Der neue Bahnchef ist ein alter Bekannter
Richard Lutz steht für Kontinuität bei der Bahn – und für die erfolglose Suche nach einem externen Bewerber
- Richard Lutz sieht nicht aus wie einer der wichtigsten Manager der deutschen Wirtschaft. Äußerlich ist er eher der Typ großer Junge. Doch der Eindruck täuscht. Als Finanzvorstand der Deutschen Bahn hantiert der 52-Jährige mit Milliardenbeträgen, überzeugt weltweit Investoren, dass sie ihr Geld in die Anleihen des Konzerns stecken. Seit Rüdiger Grube vor einigen Wochen überraschend den Rückzug vom Chefposten antrat, führt Lutz die Bahn kommissarisch. Das wird sich in der kommenden Woche ändern. Wie Regierungskreise bestätigten, soll der Aufsichtsrat ihn nächsten Dienstag zum neuen Bahnchef bestellen.

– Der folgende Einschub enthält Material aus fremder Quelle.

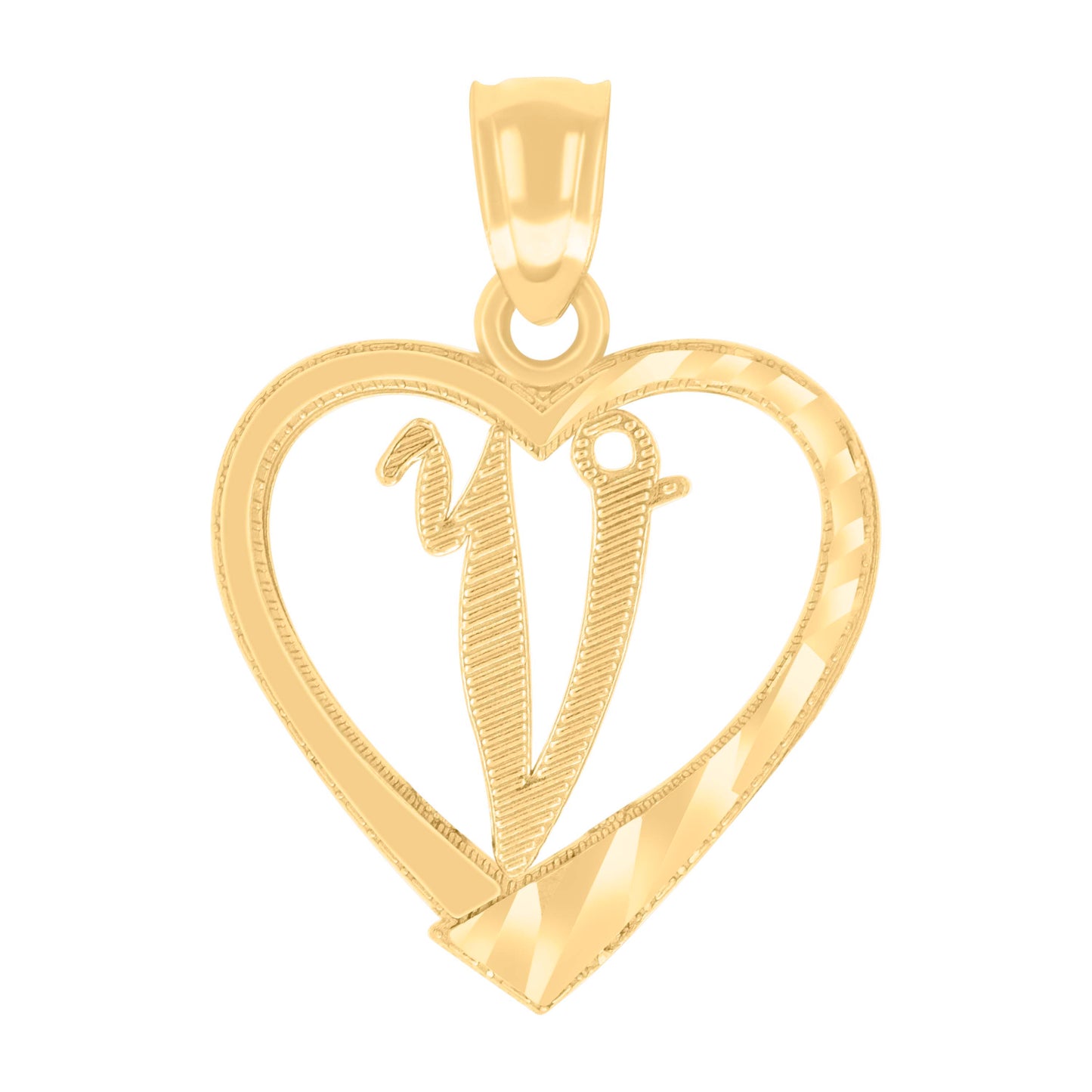 14Kt Gold Pendant Initial "V"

Die Entscheidung kam überraschend, denn Lutz wollte den vielleicht schwierigsten Job in der Wirtschaft, wie es der frühere Kanzler Gerhard Schröder einmal nannte, zunächst gar nicht haben. Doch die schnelle Suche nach einem geeigneten externen Bewerber verlief erfolglos, auch weil die Politik bei der Besetzung des Postens eine übergeordnete Rolle spielt. So einigten sich Kanzleramts-Chef Peter Altmaier und Verkehrsminister Alexander Dobrindt von der Unionsseite mit dem SPD-Vorsitzenden Sigmar Gabriel auf die interne Lösung.
Die Anregung dazu kam vom Bahnvorstand selbst. Die Manager waren sich einig, dass von außen niemand infrage kommt. Die Runde überzeugte Lutz schließlich, sich für den Vorstandsvorsitz zur Verfügung zu stellen. Roland Pofalla, dem früheren Kanzleramtschef und bei der Bahn für die Lobbyarbeit zuständige Vorstand, wurde zunächst nachgesagt, dass er den Job gerne übernommen hätte. Der Widerstand der SPD und die Furcht von Kungelvorwürfen haben einen weiteren Karrieresprung des einstigen Politikers verhindert.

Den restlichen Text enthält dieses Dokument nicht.